› Forums › Speech Synthesis › The front end › Diphone continuity from word to word
- This topic has 3 replies, 2 voices, and was last updated 8 years, 10 months ago by Simon.
-
AuthorPosts
-
-
October 13, 2015 at 21:07 #298
In any diphone TTS system (either a simple system or a unit selection system that uses diphones), is it correct that UNLESS the front end tags a phrase break in the text, the system perceives words or tokens as un-interrupted, and therefore it searches for diphones that go ACROSS the word/token boundary? Or are word/token boundaries treated as very small gaps, not as large as a phrase break, but still big enough to require a diphone that goes from middle of the last phone of a word to silence? (Leaving aside for the moment post-lexical liasons and r-insertions, which would obviously imply complete continuity).
-
October 14, 2015 at 11:06 #308
There is nothing special about cross-word diphones compared to within-word diphones. Speech does not have “gaps” between words unless there is a phrase break. We can use diphones recorded within a word to synthesise across a word boundary.
You correctly state that phrase breaks will only occur in places that the front-end predicts. All other word boundaries are just continuous diphone sequences, no different to within the words.

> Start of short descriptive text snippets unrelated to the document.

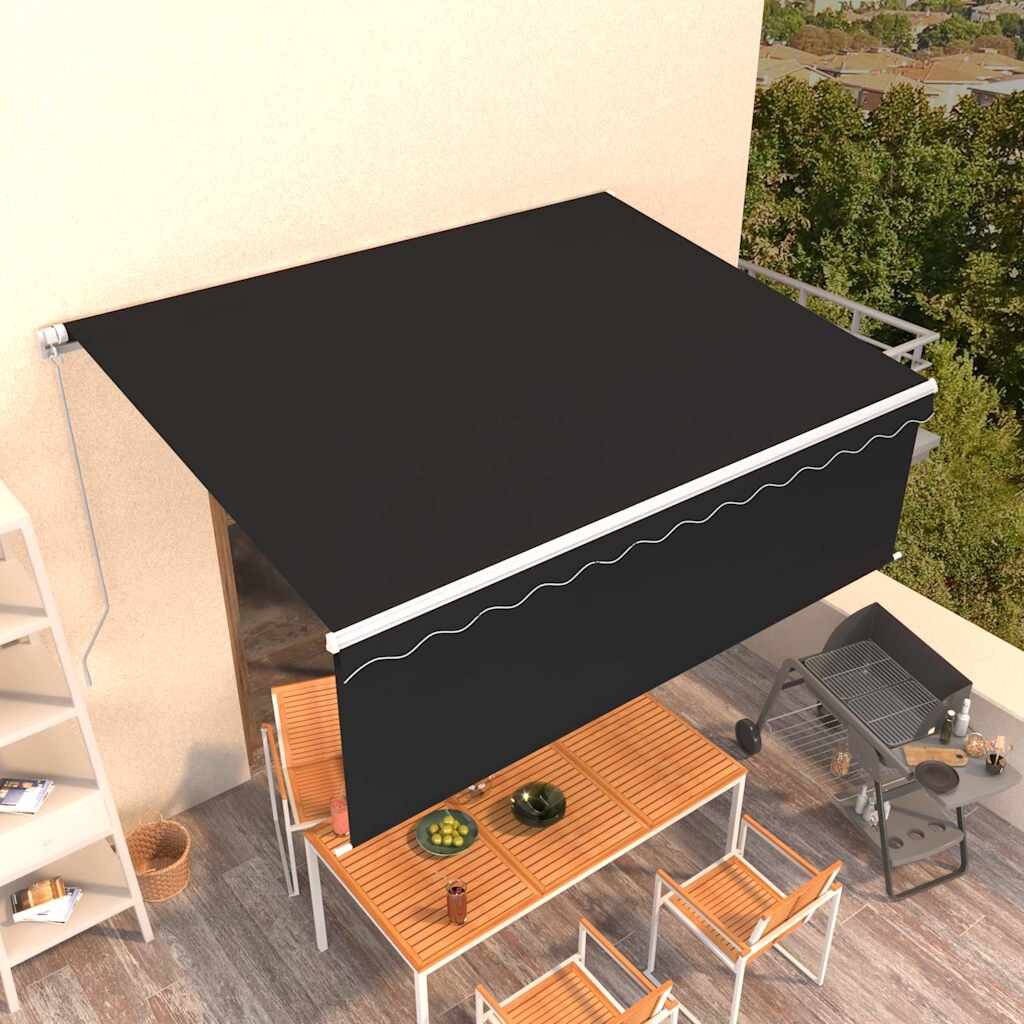 vidaXL Ръчно прибиращ се сенник с щора 4x3 м антрацит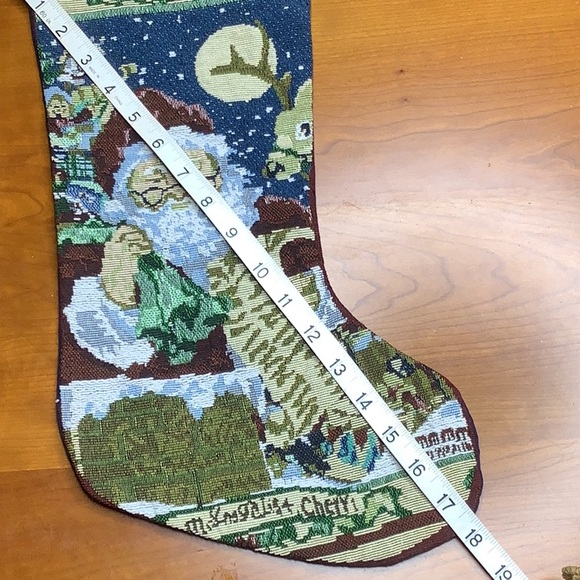 Greenbrier International Tapestry Santa’s Sleigh Christmas Stocking - Picture 7 of 8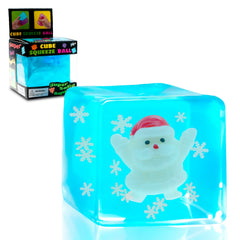 CYICTOY Christmas Santa squishy cube features Santa and snowflake design for festive tactile play and stress relief.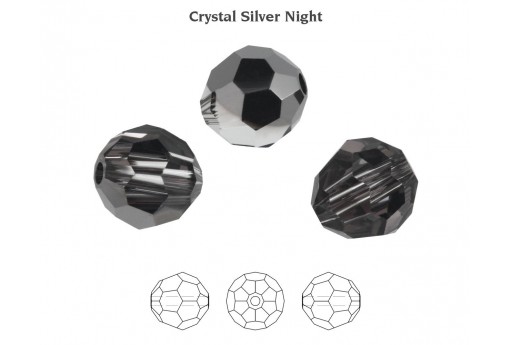Perline Round 5000 Swarovski Silver Night 10mm - 2pz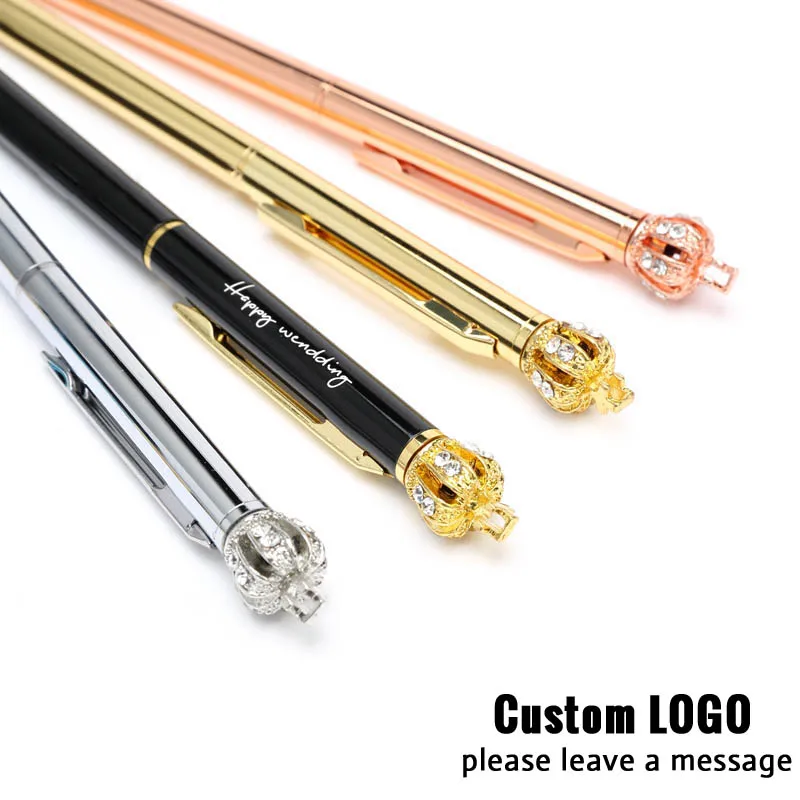 

Cute Crystal Shining Crown Metal Ballpoint Pen With Free LOGO Pens For School Supplies Writing Stationery Special Pen Customize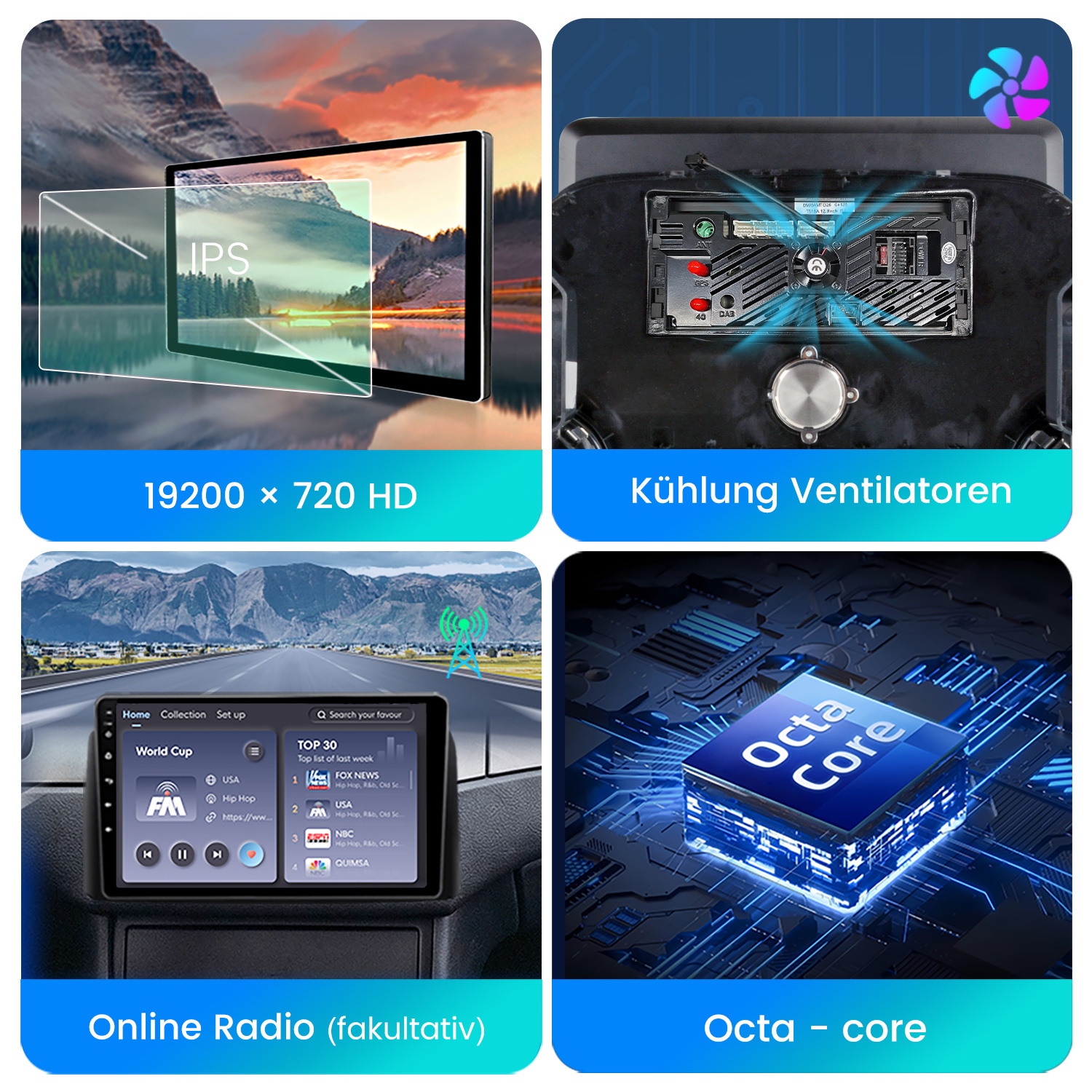 Vier Bilder, die ein Autoradio mit Touchscreen, Radiosendern und den Octa-Core-Chip zeigen.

Of course, the number of possible diphones across word boundaries is higher than within words (where phonology constrains the possible combinations). So, we are much more likely to encounter low-frequency (i.e., rare) diphones across word boundaries.
-
October 19, 2015 at 20:39 #361
Following up on this: In Festival, it appears that when it can’t find a diphone, it will back off to the next-best diphone. EXCEPT when the missing diphone is an ‘Interword’, in which case it inserts silence. Which, as one would guess, sounds bad when the utterance is played. Here is an example from Festival after issuing the Wave_Synth command on my utterance:
Missing diphone: @_dh
Interword so inseting silence.
Missing diphone: @_hw
Interword so inseting silence.
Missing diphone: jh_iii
diphone still missing, backing off: jh_iii
backed off: jh_iii -> jh_ii
Missing diphone: ch_z
Interword so inseting silence.The first 2 specific diphones that it can’t find don’t strike me as particularly rare. The actual word sequence of @_dh is “to the” and @_hw is from “the white”.
Why would such (seemingly) common diphones not be in the database? Does the diphone set for this voice ONLY contain diphones that were recorded within words, or does it have SOME interword-only (diphones NOT derived from within words) diphones, just not all possible ones? -
October 19, 2015 at 20:52 #362
You have correctly found that this voice does indeed have many missing diphones. A larger or more carefully-designed recording script would not have this problem.
The reason this happens so frequently for this voice is that the diphone coverage was determined using one dictionary (CMUlex) but the voice has been built with a different dictionary (Unisyn). Normally, we wouldn’t do that, but it’s useful for the purposes of this assignment to show what happens when diphones are missing.
The database comprises sentences of connected speech, so does have both within- and across-word diphones.
The database is the awb speaker (i.e., Alan Black himself) from the ARCTIC set of corpora
Footnote: the voice is called voice_cstr_edi_awb_arctic_multisyn which means “built in CSTR / Edinburgh accent / speaker ‘awb’ / ARCTIC corpus / multisyn unit selection engine”
-
-
AuthorPosts
- You must be logged in to reply to this topic.